▶ REQUIREMENT
The answer must consist only of the lines from the line with "Ліфтбек Opel Insignia 2009 в Ізмаїлі" to the line with "Аромат майского шашлыка: удовольствие", both included, exactly as they stand below.

▶ RECORD EXTRACTS
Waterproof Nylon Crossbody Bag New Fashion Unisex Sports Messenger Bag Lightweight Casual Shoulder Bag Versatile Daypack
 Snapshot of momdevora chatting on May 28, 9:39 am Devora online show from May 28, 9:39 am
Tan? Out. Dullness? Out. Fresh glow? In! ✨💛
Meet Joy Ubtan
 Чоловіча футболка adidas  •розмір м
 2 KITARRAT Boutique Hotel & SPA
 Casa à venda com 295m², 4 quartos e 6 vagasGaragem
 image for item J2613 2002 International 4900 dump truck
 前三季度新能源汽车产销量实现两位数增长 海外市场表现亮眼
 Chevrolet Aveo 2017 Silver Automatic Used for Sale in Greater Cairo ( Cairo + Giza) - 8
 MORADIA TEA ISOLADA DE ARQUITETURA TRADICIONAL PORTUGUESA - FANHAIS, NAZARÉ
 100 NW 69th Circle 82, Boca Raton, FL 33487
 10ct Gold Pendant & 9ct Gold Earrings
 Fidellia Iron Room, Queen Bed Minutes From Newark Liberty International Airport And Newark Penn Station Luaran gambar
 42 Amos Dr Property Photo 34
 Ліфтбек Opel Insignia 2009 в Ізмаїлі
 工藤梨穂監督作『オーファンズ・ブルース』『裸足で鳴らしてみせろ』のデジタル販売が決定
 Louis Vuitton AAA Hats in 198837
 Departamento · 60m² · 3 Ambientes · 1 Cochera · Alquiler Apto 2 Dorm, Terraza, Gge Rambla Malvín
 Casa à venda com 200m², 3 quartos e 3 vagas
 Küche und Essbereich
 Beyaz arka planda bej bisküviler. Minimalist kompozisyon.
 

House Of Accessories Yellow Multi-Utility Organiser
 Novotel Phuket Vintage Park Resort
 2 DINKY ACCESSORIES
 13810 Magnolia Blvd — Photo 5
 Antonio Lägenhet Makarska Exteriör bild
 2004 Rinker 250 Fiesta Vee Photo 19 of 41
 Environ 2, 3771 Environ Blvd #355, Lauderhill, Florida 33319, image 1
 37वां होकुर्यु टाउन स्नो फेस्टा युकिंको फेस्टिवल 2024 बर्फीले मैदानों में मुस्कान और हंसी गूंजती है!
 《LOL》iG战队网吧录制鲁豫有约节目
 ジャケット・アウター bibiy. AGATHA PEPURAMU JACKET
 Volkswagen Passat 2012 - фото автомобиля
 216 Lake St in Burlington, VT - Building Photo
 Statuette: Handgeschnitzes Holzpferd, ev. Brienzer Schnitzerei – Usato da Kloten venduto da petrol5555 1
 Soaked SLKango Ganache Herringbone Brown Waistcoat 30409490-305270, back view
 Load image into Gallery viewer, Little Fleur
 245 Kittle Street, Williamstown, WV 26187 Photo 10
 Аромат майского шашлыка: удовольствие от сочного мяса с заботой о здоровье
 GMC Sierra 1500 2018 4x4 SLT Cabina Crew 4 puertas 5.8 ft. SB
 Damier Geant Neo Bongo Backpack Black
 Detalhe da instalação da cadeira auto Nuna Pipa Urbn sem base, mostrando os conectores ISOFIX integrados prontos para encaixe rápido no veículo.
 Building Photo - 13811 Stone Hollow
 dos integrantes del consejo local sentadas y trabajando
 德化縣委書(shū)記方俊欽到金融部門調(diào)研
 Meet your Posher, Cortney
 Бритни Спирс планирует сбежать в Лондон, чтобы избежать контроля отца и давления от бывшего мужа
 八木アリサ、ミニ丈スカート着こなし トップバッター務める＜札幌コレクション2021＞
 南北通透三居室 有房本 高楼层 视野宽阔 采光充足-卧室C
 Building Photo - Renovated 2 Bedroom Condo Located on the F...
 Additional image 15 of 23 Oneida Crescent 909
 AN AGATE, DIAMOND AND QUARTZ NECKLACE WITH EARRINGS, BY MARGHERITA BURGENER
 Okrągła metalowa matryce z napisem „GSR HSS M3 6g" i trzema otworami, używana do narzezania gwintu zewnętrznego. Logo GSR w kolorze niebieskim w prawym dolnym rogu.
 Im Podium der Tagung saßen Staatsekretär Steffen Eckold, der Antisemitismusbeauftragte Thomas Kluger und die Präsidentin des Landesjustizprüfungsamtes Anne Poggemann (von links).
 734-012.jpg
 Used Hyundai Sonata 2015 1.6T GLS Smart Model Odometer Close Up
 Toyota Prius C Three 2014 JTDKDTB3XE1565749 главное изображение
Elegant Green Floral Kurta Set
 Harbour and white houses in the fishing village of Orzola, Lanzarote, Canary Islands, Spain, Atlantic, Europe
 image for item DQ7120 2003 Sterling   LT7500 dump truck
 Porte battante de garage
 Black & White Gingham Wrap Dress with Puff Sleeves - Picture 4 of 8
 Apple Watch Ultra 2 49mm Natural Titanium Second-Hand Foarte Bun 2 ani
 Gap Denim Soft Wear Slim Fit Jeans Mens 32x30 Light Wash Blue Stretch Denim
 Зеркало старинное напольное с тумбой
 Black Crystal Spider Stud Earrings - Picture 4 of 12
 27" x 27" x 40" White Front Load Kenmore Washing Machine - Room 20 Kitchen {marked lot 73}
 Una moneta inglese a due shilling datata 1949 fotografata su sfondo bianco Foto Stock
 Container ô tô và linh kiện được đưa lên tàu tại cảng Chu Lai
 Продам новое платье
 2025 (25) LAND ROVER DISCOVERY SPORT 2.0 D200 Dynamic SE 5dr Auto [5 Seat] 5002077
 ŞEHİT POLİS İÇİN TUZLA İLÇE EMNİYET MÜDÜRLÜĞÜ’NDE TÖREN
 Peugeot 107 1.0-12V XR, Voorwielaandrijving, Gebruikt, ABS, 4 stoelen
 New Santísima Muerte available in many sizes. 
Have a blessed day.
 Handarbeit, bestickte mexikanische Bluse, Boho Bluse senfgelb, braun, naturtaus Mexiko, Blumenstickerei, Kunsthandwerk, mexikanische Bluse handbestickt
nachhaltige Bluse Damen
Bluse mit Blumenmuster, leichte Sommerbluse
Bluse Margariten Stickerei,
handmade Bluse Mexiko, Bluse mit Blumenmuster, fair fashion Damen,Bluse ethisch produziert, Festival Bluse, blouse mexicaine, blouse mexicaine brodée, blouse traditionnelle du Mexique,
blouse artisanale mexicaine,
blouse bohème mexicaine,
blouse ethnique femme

▶ YOUR SOLUTION
 Ліфтбек Opel Insignia 2009 в Ізмаїлі
 工藤梨穂監督作『オーファンズ・ブルース』『裸足で鳴らしてみせろ』のデジタル販売が決定
 Louis Vuitton AAA Hats in 198837
 Departamento · 60m² · 3 Ambientes · 1 Cochera · Alquiler Apto 2 Dorm, Terraza, Gge Rambla Malvín
 Casa à venda com 200m², 3 quartos e 3 vagas
 Küche und Essbereich
 Beyaz arka planda bej bisküviler. Minimalist kompozisyon.
 

House Of Accessories Yellow Multi-Utility Organiser
 Novotel Phuket Vintage Park Resort
 2 DINKY ACCESSORIES
 13810 Magnolia Blvd — Photo 5
 Antonio Lägenhet Makarska Exteriör bild
 2004 Rinker 250 Fiesta Vee Photo 19 of 41
 Environ 2, 3771 Environ Blvd #355, Lauderhill, Florida 33319, image 1
 37वां होकुर्यु टाउन स्नो फेस्टा युकिंको फेस्टिवल 2024 बर्फीले मैदानों में मुस्कान और हंसी गूंजती है!
 《LOL》iG战队网吧录制鲁豫有约节目
 ジャケット・アウター bibiy. AGATHA PEPURAMU JACKET
 Volkswagen Passat 2012 - фото автомобиля
 216 Lake St in Burlington, VT - Building Photo
 Statuette: Handgeschnitzes Holzpferd, ev. Brienzer Schnitzerei – Usato da Kloten venduto da petrol5555 1
 Soaked SLKango Ganache Herringbone Brown Waistcoat 30409490-305270, back view
 Load image into Gallery viewer, Little Fleur
 245 Kittle Street, Williamstown, WV 26187 Photo 10
 Аромат майского шашлыка: удовольствие от сочного мяса с заботой о здоровье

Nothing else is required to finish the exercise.